* _Supplied material_
=======
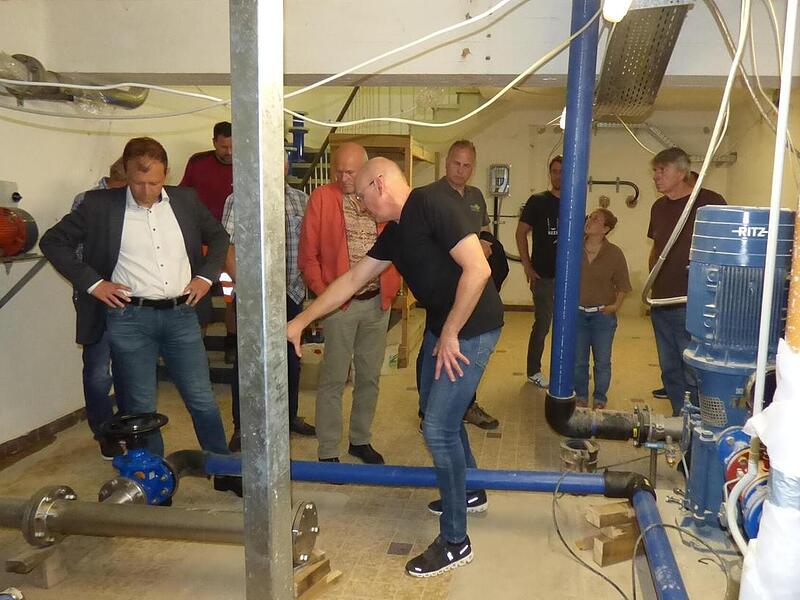 Alexander Dürrschmidt (Mitte) erklärte im Sommer den Räten beim Ortstermin  im  Wasserwerk in Streitberg die Funktionsteile der neuen Anlage. Hier soll nun auch noch eine UV-Anlag eingebaut werden.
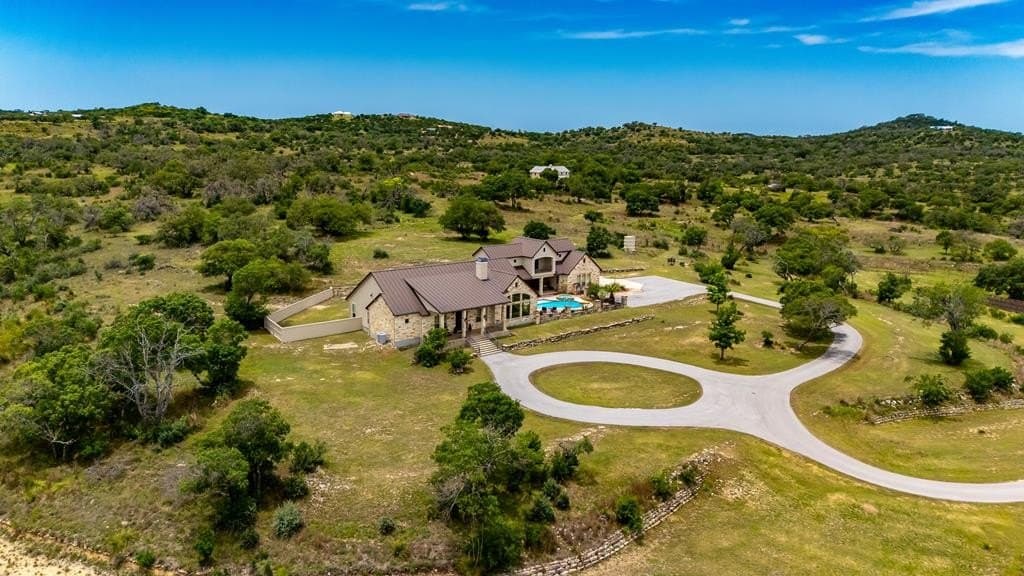 21.69 acres in Kendall County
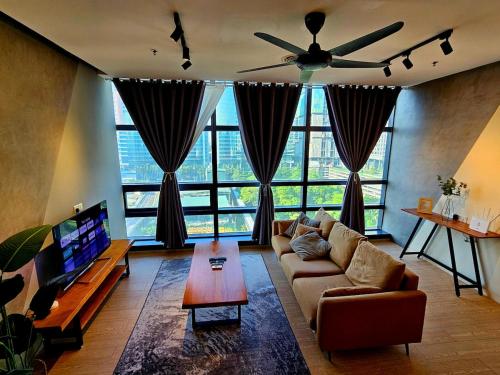 Metro Studio - Direct LRT access, near Pantai Hospital, University Malaya, Mid Valley, Bangsar, Kuala Lumpur (zdjęcie 7)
=======
For this exercise, return the data above exactly and leave every picture out.

 Alexander Dürrschmidt (Mitte) erklärte im Sommer den Räten beim Ortstermin  im  Wasserwerk in Streitberg die Funktionsteile der neuen Anlage. Hier soll nun auch noch eine UV-Anlag eingebaut werden.
 21.69 acres in Kendall County
 Metro Studio - Direct LRT access, near Pantai Hospital, University Malaya, Mid Valley, Bangsar, Kuala Lumpur (zdjęcie 7)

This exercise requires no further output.